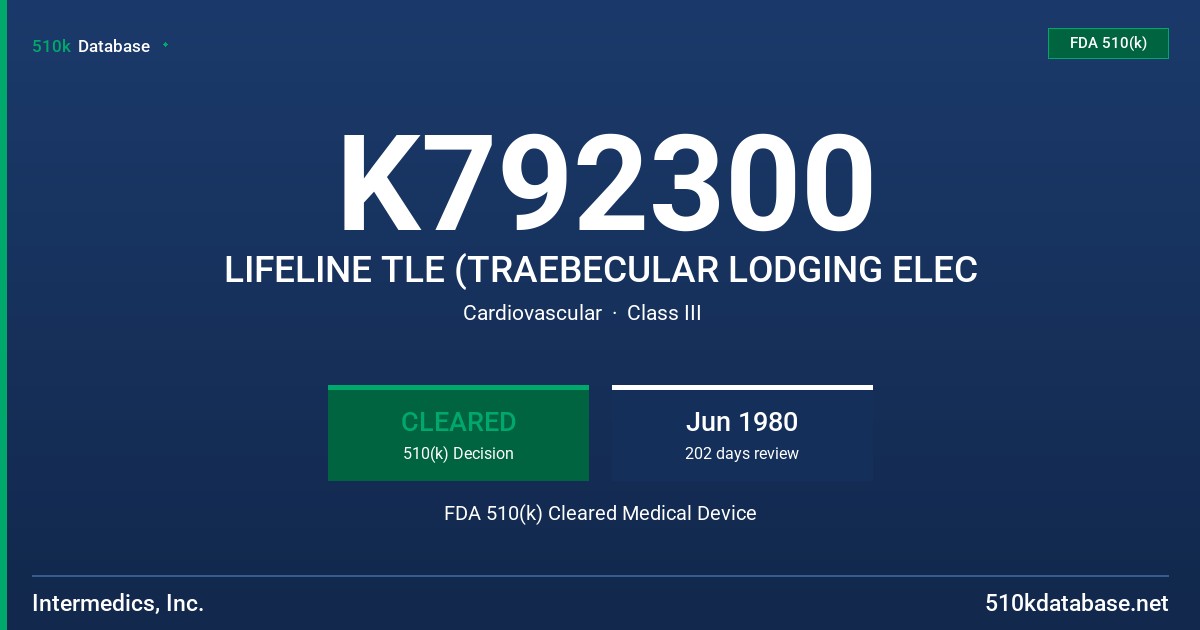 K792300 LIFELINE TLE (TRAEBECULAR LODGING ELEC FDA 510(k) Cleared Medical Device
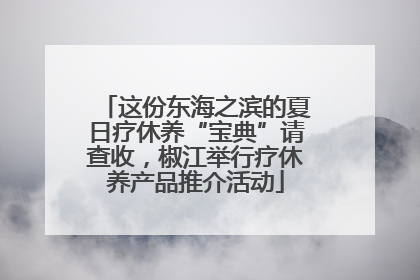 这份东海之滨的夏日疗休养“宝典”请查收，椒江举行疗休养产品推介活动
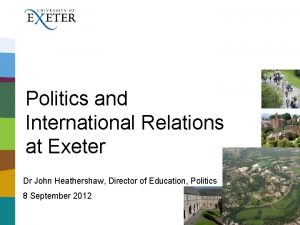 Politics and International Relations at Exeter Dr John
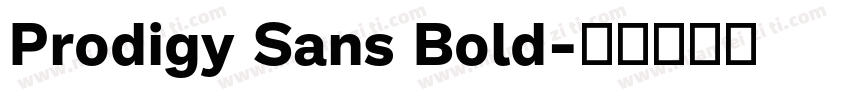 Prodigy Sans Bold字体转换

---

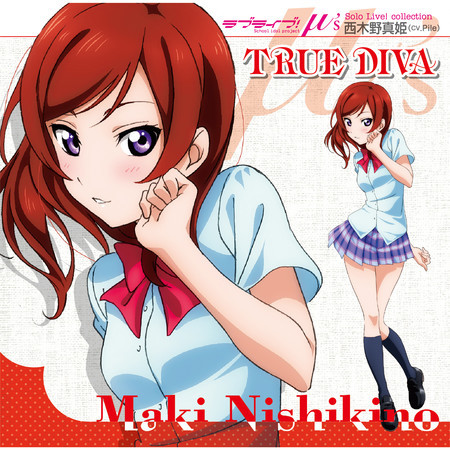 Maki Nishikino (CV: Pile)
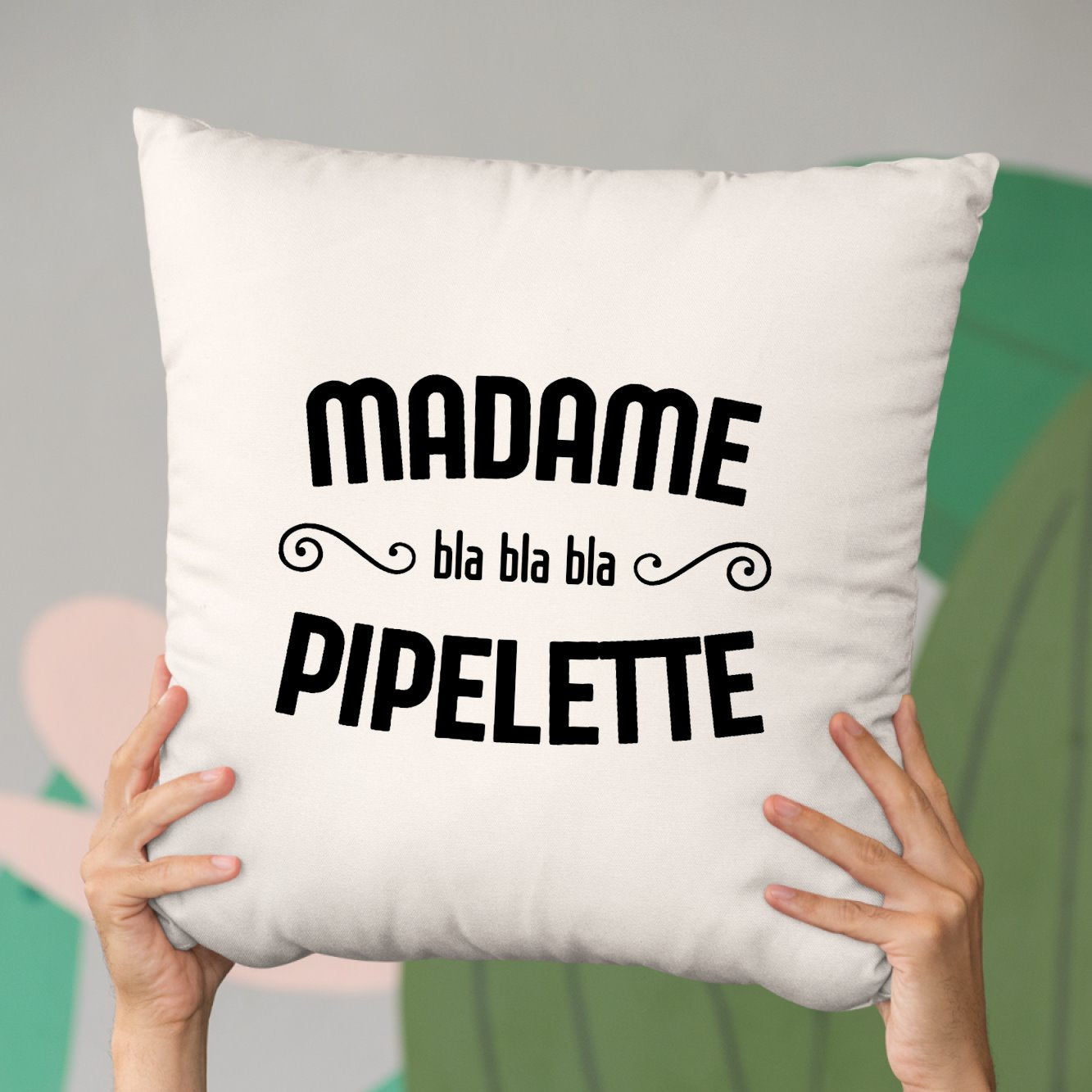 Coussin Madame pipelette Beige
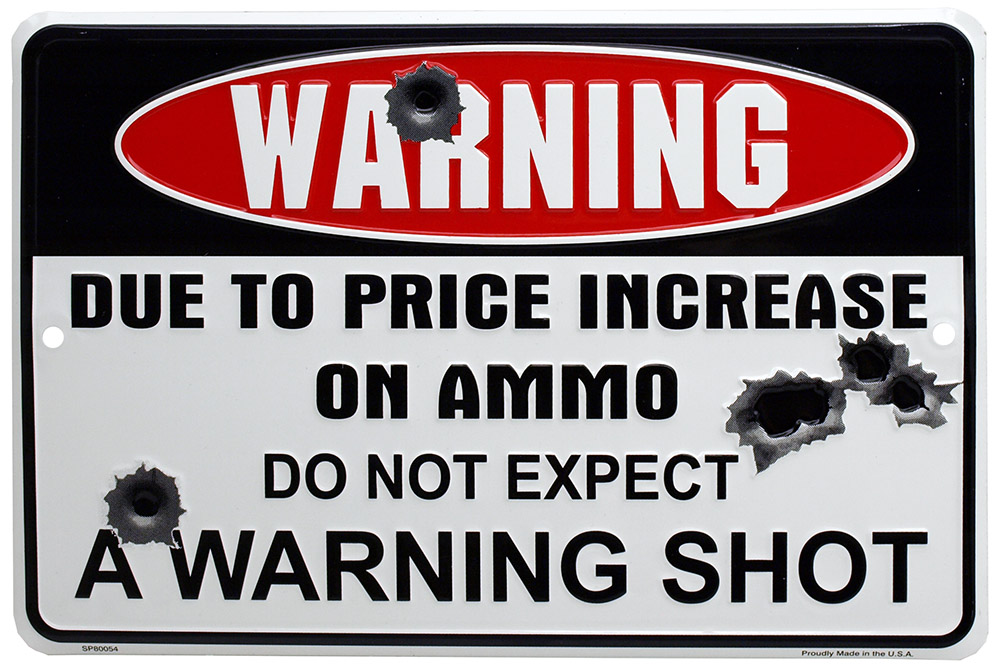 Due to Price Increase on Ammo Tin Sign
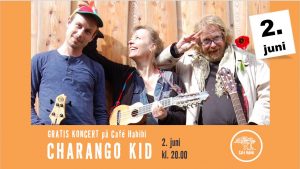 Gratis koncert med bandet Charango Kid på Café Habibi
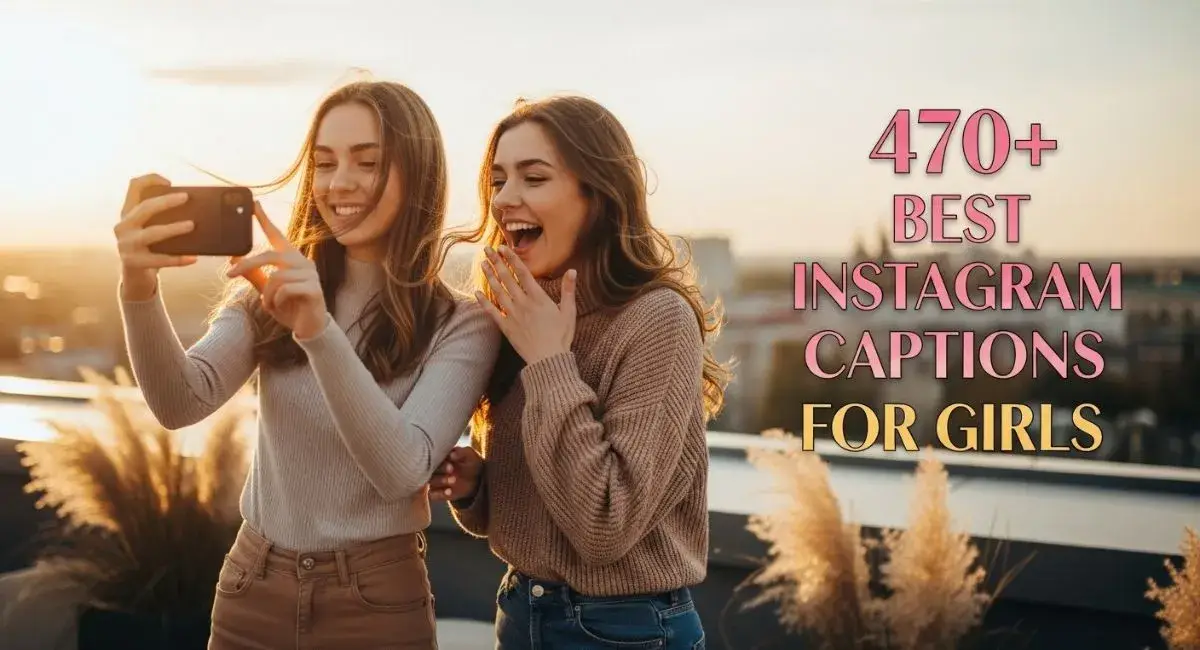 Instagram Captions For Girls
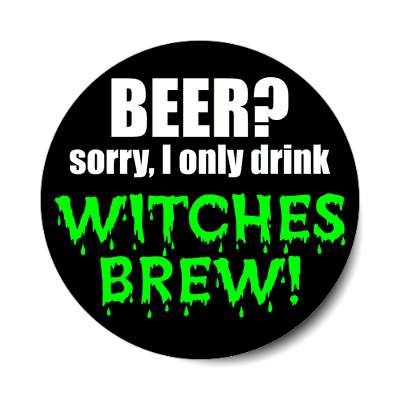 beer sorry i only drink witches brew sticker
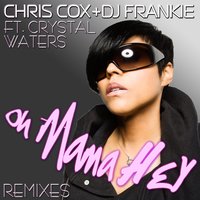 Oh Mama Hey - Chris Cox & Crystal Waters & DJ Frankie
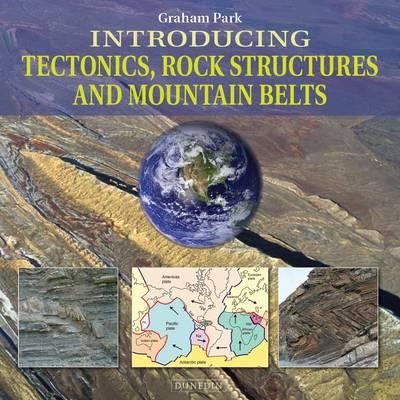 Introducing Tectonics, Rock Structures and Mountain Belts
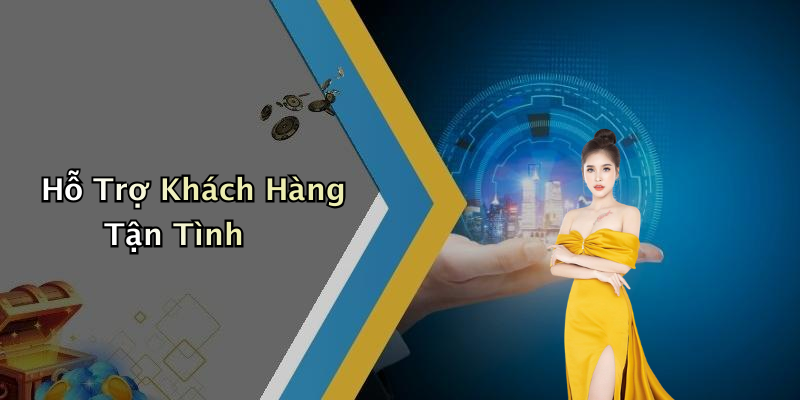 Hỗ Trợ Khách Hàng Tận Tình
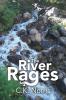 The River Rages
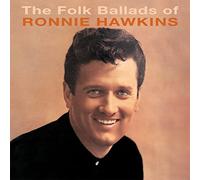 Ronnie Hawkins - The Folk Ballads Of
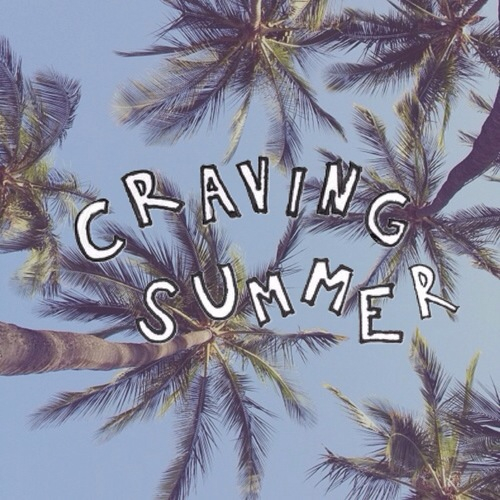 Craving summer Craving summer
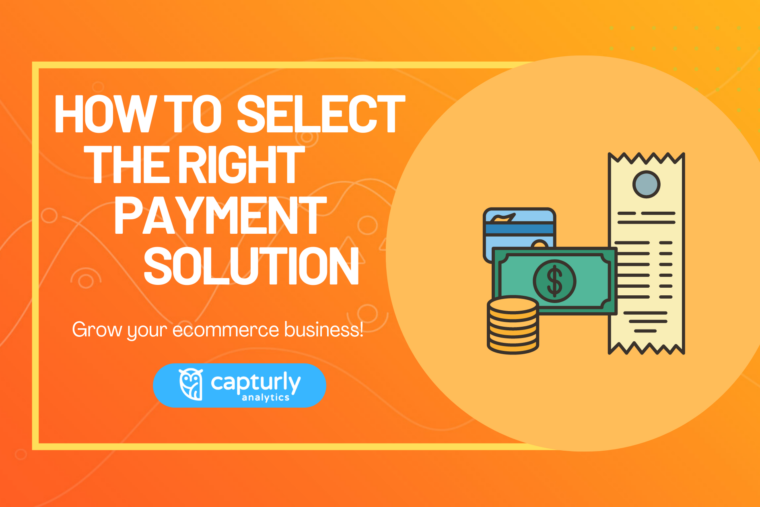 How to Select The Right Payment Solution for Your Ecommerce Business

(Work required): Copy out exactly the lines above beginning with the line that contains "Due to Price Increase on Ammo Tin Sign" and finishing with the line that contains "How to Select", including both; leave the pictures out.

(Written solution):
 Due to Price Increase on Ammo Tin Sign
 Gratis koncert med bandet Charango Kid på Café Habibi
 Instagram Captions For Girls
 beer sorry i only drink witches brew sticker
 Oh Mama Hey - Chris Cox & Crystal Waters & DJ Frankie
 Introducing Tectonics, Rock Structures and Mountain Belts
 Hỗ Trợ Khách Hàng Tận Tình
 The River Rages
 Ronnie Hawkins - The Folk Ballads Of
 Craving summer Craving summer
 How to Select The Right Payment Solution for Your Ecommerce Business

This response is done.